Out-Law News 3 min. read

Gatekeepers face EU Digital Markets Act regulation

The European Commission has published a legislative proposal to identify gatekeepers in the digital economy and impose new rules on them.

On Tuesday, the Commission presented a long-awaited legislative package. It consists of the Digital Services Act and the Digital Markets Act. Both laws contain new rules for digital services such as social media, online marketplaces and other online platforms operating in the EU. According to the Commission, they are intended to better protect consumers and their fundamental rights on the internet and lead to fairer and more open digital markets.

The Digital Markets Act includes new rules to prevent online platforms that are designated as, or are likely to become, gatekeepers in the single market from engaging in unfair business practices. The proposed legislation also contains a market investigation mechanism intended to ensure that the obligations  set out in, and companies governed by, the regulation are kept up to date to reflect the fast pace of the digital world.

Lena Lasseur, competition law expert at Pinsent Masons, the law firm behind Out-Law, said: "The new rules will be important for small and big businesses alike.
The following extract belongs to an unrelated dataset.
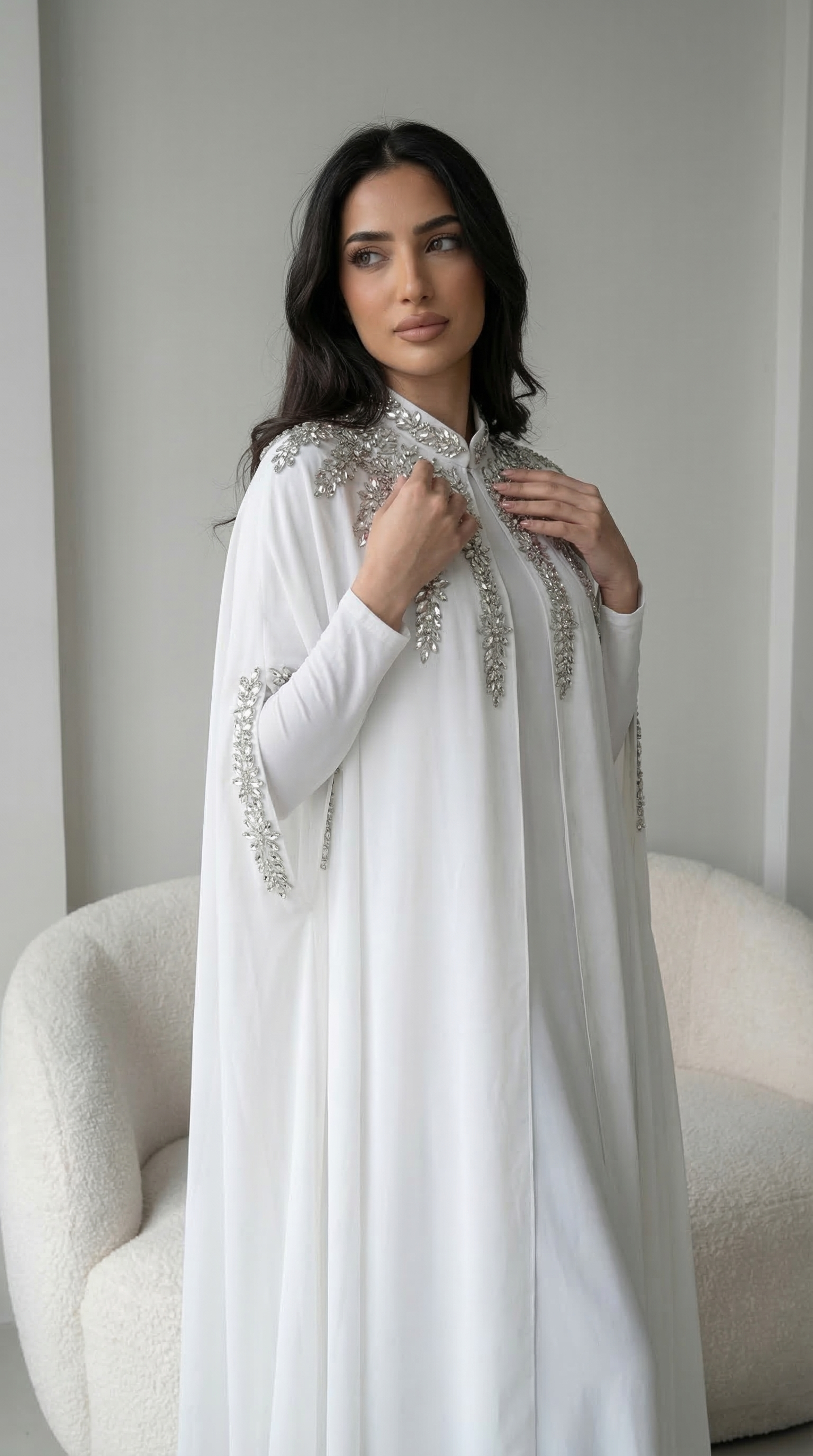 Beyaz Şifon Taşlı İşlemeli Abaya Elbise Ferace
Small companies might see it as a chance to challenge the position of big players or finally enter the market, while bigger players might see it as a risk for further scrutiny by the competition authority."

Under the proposed legislation, companies could be classified as gatekeepers if they have an annual turnover in the European Economic Area of at least €6.5 billion in the last three financial years, or if their average market capitalisation or equivalent market value in the last financial year was equal to that figure, and the company provides a central platform service in at least three member states.

In addition, the company must have operated at least one core platform service in the last three financial years that has over 45 million monthly active end-users in the EU and has over 10, 000 active business users established in the EU in the last financial year.

Companies would be obliged to check for themselves whether they meet the criteria for gatekeepers. They would then have to provide the Commission with the relevant information, on the basis of which it can check whether the conditions are met. If this is the case, it would classify the company as a gatekeeper.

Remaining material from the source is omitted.